Bit 2: H10S If this bit is set the MAC will operate at 100 Mbit/s. If this bit is zero, the MAC will operate at 10 Mbit/s.
This bit controls the 10/100 selection for RMII and DCE Mode. In DTE and MII mode, the MAC determines the data
rate from the incoming TX_CLK and RX_CLK.
Bit 1: Automatic Flow Control Enable (ATFLOW) If this bit is set to 1, automatic flow control is enabled based on
the connection receive queue size and high watermarks. Pause frames are sent automatically in full duplex mode.
The pause time must be programmed through SU.MACFCR. The jam sequence will not be sent automatically in
half duplex mode unless the JAME bit is set. This bit is applicable only in software mode.

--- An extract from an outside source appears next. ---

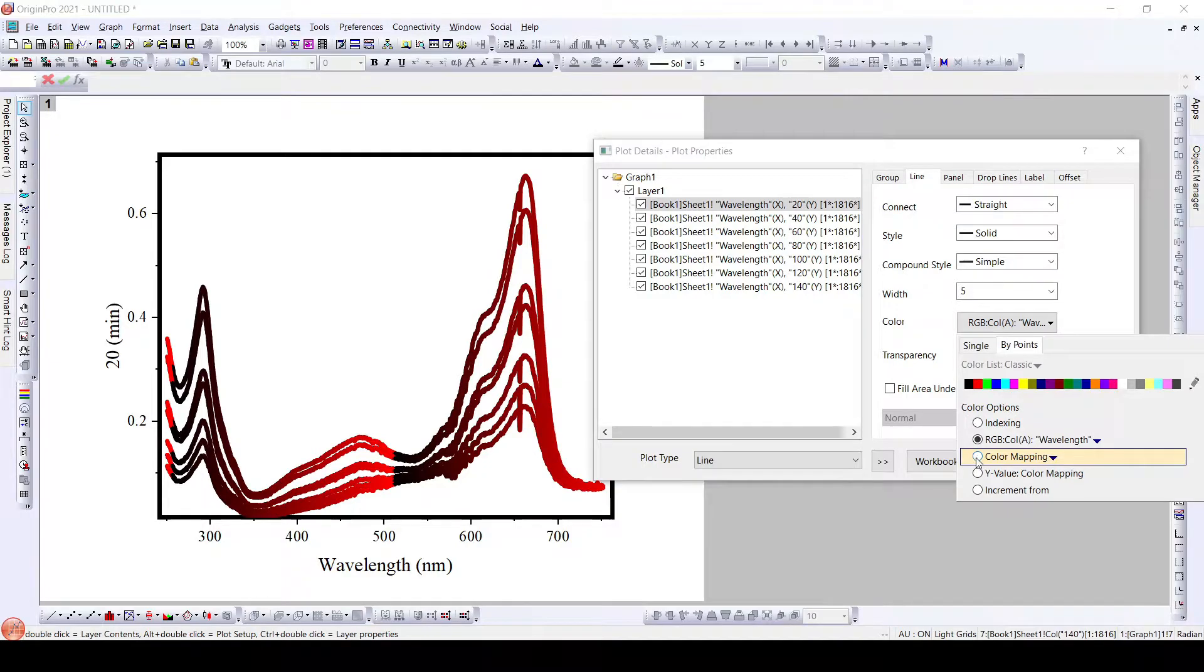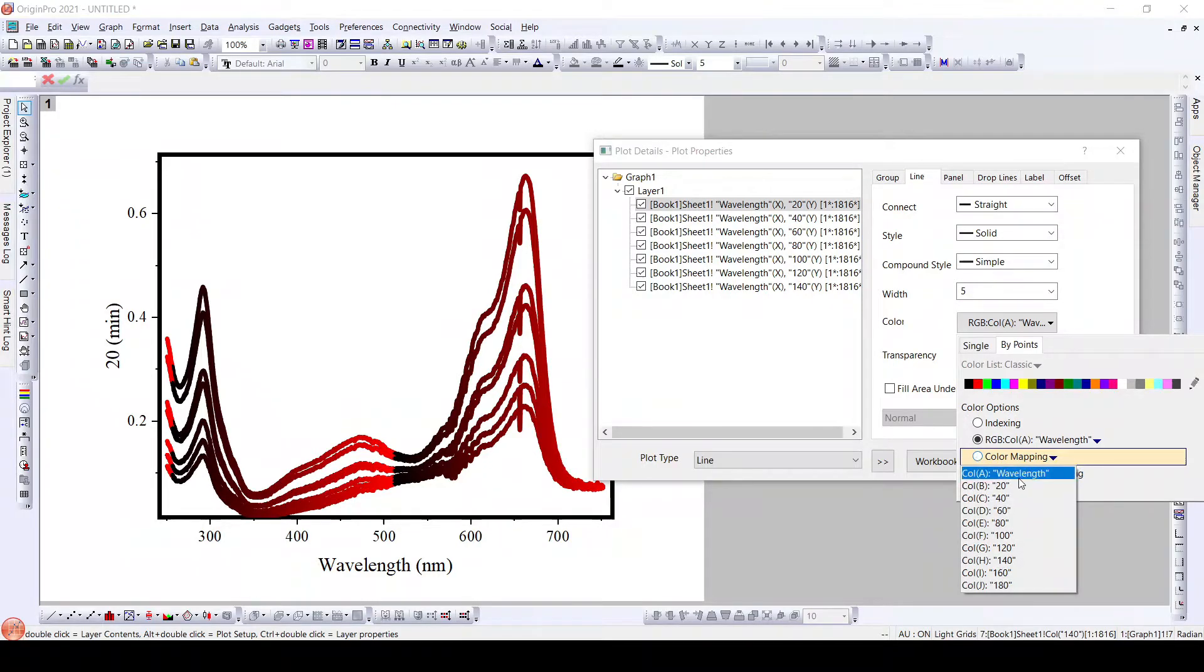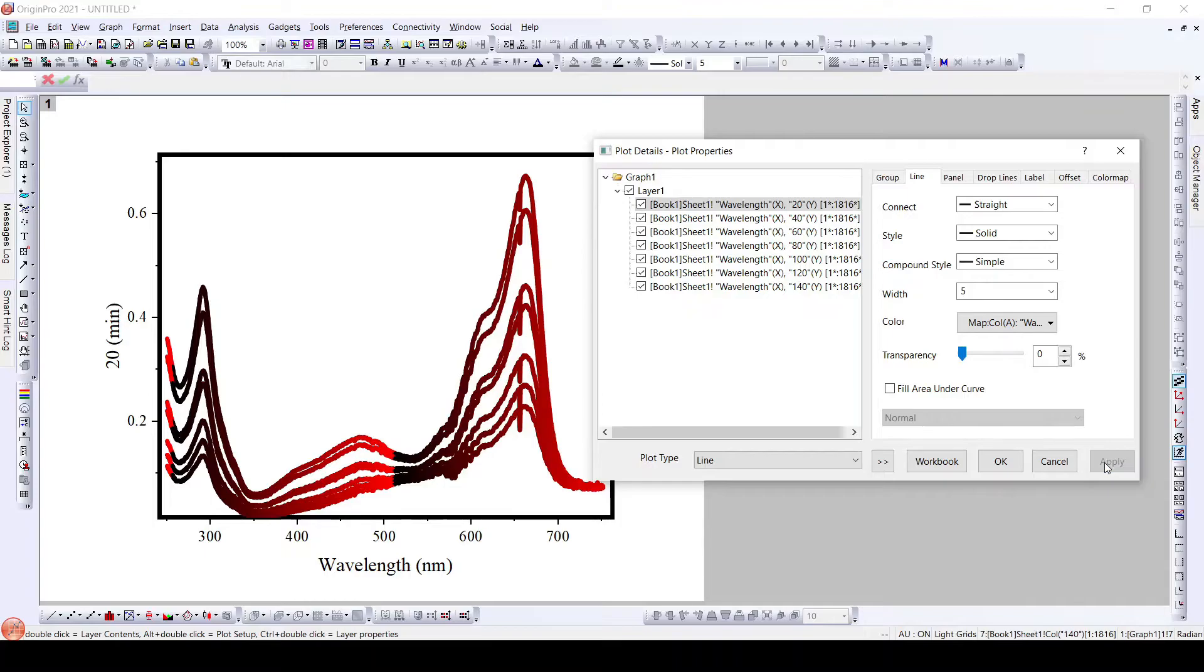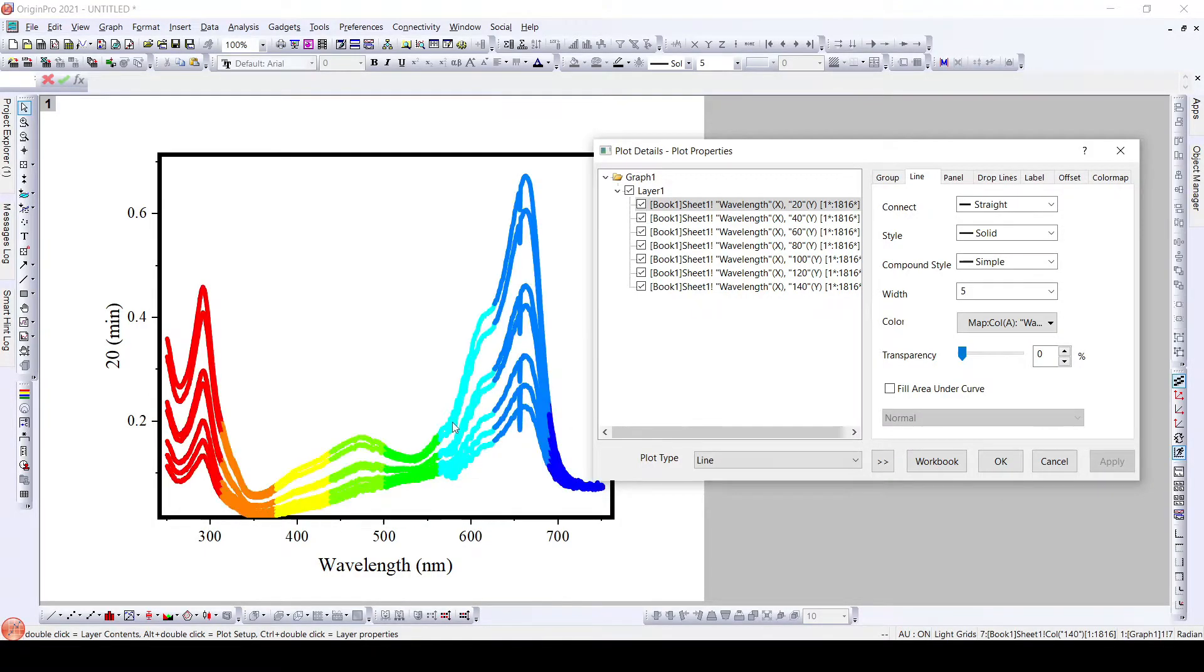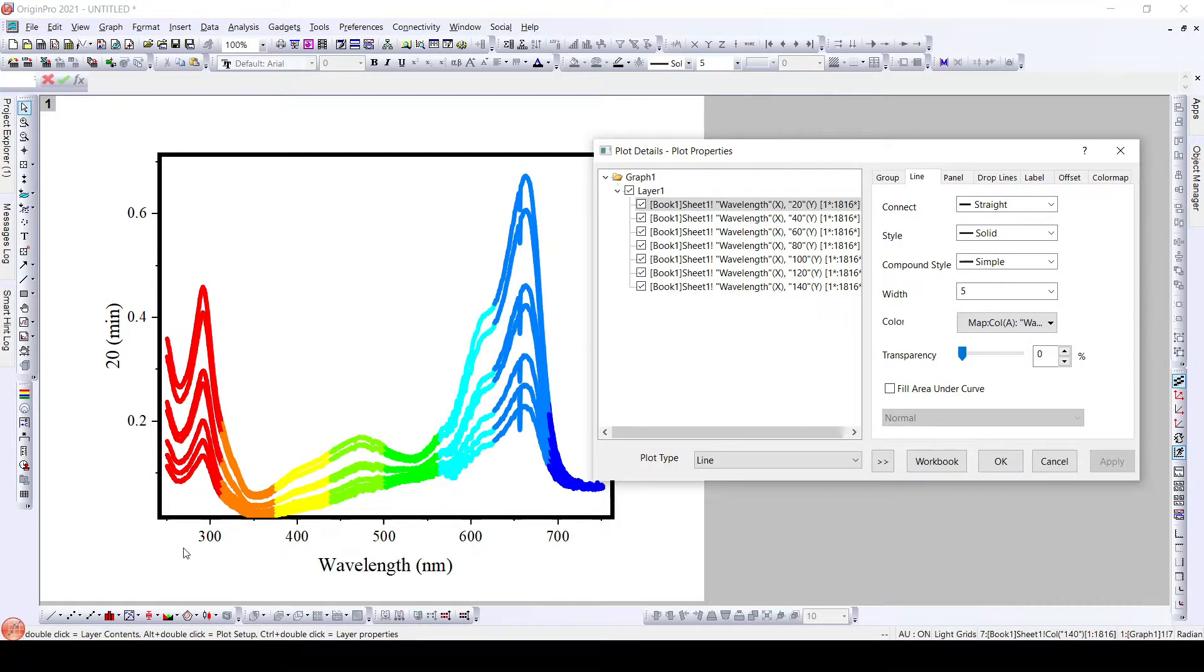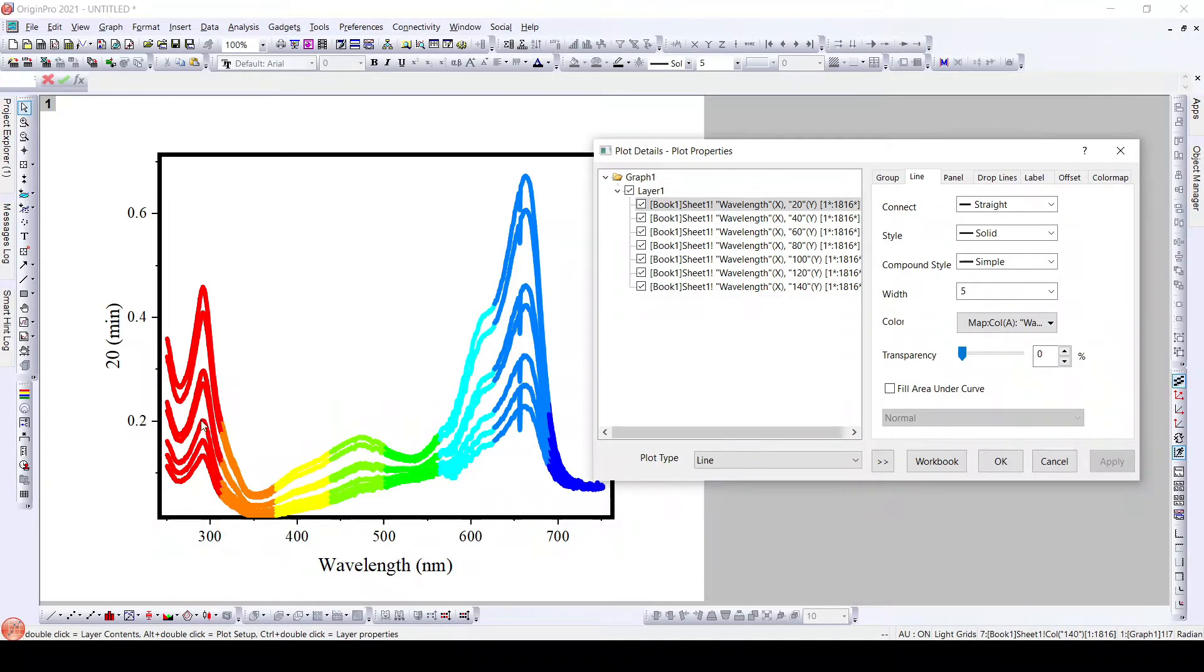Further, what we have is we have color mapping based on wavelength. Once we select this, we can see here we have got sections which are divided based on the wavelength. Certain wavelengths are colored with red.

Bit 0: Jam Enable (JAME) If this bit is set to 1, a Jam sequence is sent for a duration of 4 bytes. This function is
only valid in half duplex mode, and will only function if Automatic Flow Control is disabled. Note that if the receive
queue size is less than receive high threshold, setting a JAME will JAM one received frame. If JAME is set and the
receiver queue size is higher than the high threshold, all received frames are jammed until the queue empties below
the threshold.
Note that SU.GCR is only valid in the software mode.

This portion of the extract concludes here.